Web page caption snippets
----
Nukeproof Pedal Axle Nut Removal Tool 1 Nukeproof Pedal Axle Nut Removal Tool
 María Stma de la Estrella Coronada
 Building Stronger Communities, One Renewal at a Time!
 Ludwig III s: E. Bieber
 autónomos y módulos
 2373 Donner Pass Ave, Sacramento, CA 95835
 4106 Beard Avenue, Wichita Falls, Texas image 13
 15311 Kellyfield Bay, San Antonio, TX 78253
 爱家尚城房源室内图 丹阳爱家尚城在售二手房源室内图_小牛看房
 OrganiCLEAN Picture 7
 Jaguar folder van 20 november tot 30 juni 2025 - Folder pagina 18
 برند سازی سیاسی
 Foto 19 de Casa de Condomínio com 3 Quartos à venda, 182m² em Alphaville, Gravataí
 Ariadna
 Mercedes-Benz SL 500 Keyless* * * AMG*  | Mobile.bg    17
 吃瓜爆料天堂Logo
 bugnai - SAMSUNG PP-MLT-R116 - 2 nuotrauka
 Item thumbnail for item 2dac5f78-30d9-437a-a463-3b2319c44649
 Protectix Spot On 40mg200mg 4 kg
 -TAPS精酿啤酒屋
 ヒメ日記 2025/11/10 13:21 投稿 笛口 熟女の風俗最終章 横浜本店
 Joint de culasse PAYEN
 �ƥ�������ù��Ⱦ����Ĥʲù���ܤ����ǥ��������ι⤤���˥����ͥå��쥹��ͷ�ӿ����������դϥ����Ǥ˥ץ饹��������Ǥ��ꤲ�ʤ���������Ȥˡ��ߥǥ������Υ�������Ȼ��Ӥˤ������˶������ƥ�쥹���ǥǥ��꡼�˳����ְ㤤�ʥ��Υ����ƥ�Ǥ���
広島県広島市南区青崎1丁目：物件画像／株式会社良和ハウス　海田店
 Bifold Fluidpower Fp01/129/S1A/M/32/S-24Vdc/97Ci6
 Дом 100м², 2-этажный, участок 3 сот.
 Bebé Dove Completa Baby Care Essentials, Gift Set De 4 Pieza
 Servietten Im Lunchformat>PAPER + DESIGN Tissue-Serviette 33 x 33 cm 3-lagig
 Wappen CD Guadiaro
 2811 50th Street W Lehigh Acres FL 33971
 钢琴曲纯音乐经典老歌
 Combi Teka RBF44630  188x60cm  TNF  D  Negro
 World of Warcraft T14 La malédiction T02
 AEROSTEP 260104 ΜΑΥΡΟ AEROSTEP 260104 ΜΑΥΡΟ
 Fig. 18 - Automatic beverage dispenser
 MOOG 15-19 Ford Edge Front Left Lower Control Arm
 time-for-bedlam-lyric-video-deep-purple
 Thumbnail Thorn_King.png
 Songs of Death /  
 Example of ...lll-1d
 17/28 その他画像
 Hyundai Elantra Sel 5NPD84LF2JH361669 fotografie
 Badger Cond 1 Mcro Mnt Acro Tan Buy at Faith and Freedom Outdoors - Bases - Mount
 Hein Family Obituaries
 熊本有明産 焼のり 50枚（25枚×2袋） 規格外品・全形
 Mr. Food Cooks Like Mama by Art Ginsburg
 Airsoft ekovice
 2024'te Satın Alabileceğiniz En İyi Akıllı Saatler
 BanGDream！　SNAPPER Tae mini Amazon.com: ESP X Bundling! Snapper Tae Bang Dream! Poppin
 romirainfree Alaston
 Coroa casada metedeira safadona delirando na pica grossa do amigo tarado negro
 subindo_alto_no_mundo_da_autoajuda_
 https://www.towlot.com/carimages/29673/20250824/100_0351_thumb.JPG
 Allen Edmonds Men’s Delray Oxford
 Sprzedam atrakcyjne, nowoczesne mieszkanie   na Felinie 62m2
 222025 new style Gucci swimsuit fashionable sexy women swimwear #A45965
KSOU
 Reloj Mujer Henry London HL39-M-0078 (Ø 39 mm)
----
**WHAT YOU ARE ASKED TO DO:**
Print each line above exactly as it stands.

**RESULT BELOW:**
Nukeproof Pedal Axle Nut Removal Tool 1 Nukeproof Pedal Axle Nut Removal Tool
 María Stma de la Estrella Coronada
 Building Stronger Communities, One Renewal at a Time!
 Ludwig III s: E. Bieber
 autónomos y módulos
 2373 Donner Pass Ave, Sacramento, CA 95835
 4106 Beard Avenue, Wichita Falls, Texas image 13
 15311 Kellyfield Bay, San Antonio, TX 78253
 爱家尚城房源室内图 丹阳爱家尚城在售二手房源室内图_小牛看房
 OrganiCLEAN Picture 7
 Jaguar folder van 20 november tot 30 juni 2025 - Folder pagina 18
 برند سازی سیاسی
 Foto 19 de Casa de Condomínio com 3 Quartos à venda, 182m² em Alphaville, Gravataí
 Ariadna
 Mercedes-Benz SL 500 Keyless* * * AMG*  | Mobile.bg    17
 吃瓜爆料天堂Logo
 bugnai - SAMSUNG PP-MLT-R116 - 2 nuotrauka
 Item thumbnail for item 2dac5f78-30d9-437a-a463-3b2319c44649
 Protectix Spot On 40mg200mg 4 kg
 -TAPS精酿啤酒屋
 ヒメ日記 2025/11/10 13:21 投稿 笛口 熟女の風俗最終章 横浜本店
 Joint de culasse PAYEN
 �ƥ�������ù��Ⱦ����Ĥʲù���ܤ����ǥ��������ι⤤���˥����ͥå��쥹��ͷ�ӿ����������դϥ����Ǥ˥ץ饹��������Ǥ��ꤲ�ʤ���������Ȥˡ��ߥǥ������Υ�������Ȼ��Ӥˤ������˶������ƥ�쥹���ǥǥ��꡼�˳����ְ㤤�ʥ��Υ����ƥ�Ǥ���
広島県広島市南区青崎1丁目：物件画像／株式会社良和ハウス　海田店
 Bifold Fluidpower Fp01/129/S1A/M/32/S-24Vdc/97Ci6
 Дом 100м², 2-этажный, участок 3 сот.
 Bebé Dove Completa Baby Care Essentials, Gift Set De 4 Pieza
 Servietten Im Lunchformat>PAPER + DESIGN Tissue-Serviette 33 x 33 cm 3-lagig
 Wappen CD Guadiaro
 2811 50th Street W Lehigh Acres FL 33971
 钢琴曲纯音乐经典老歌
 Combi Teka RBF44630  188x60cm  TNF  D  Negro
 World of Warcraft T14 La malédiction T02
 AEROSTEP 260104 ΜΑΥΡΟ AEROSTEP 260104 ΜΑΥΡΟ
 Fig. 18 - Automatic beverage dispenser
 MOOG 15-19 Ford Edge Front Left Lower Control Arm
 time-for-bedlam-lyric-video-deep-purple
 Thumbnail Thorn_King.png
 Songs of Death /  
 Example of ...lll-1d
 17/28 その他画像
 Hyundai Elantra Sel 5NPD84LF2JH361669 fotografie
 Badger Cond 1 Mcro Mnt Acro Tan Buy at Faith and Freedom Outdoors - Bases - Mount
 Hein Family Obituaries
 熊本有明産 焼のり 50枚（25枚×2袋） 規格外品・全形
 Mr. Food Cooks Like Mama by Art Ginsburg
 Airsoft ekovice
 2024'te Satın Alabileceğiniz En İyi Akıllı Saatler
 BanGDream！　SNAPPER Tae mini Amazon.com: ESP X Bundling! Snapper Tae Bang Dream! Poppin
 romirainfree Alaston
 Coroa casada metedeira safadona delirando na pica grossa do amigo tarado negro
 subindo_alto_no_mundo_da_autoajuda_
 https://www.towlot.com/carimages/29673/20250824/100_0351_thumb.JPG
 Allen Edmonds Men’s Delray Oxford
 Sprzedam atrakcyjne, nowoczesne mieszkanie   na Felinie 62m2
 222025 new style Gucci swimsuit fashionable sexy women swimwear #A45965
KSOU
 Reloj Mujer Henry London HL39-M-0078 (Ø 39 mm)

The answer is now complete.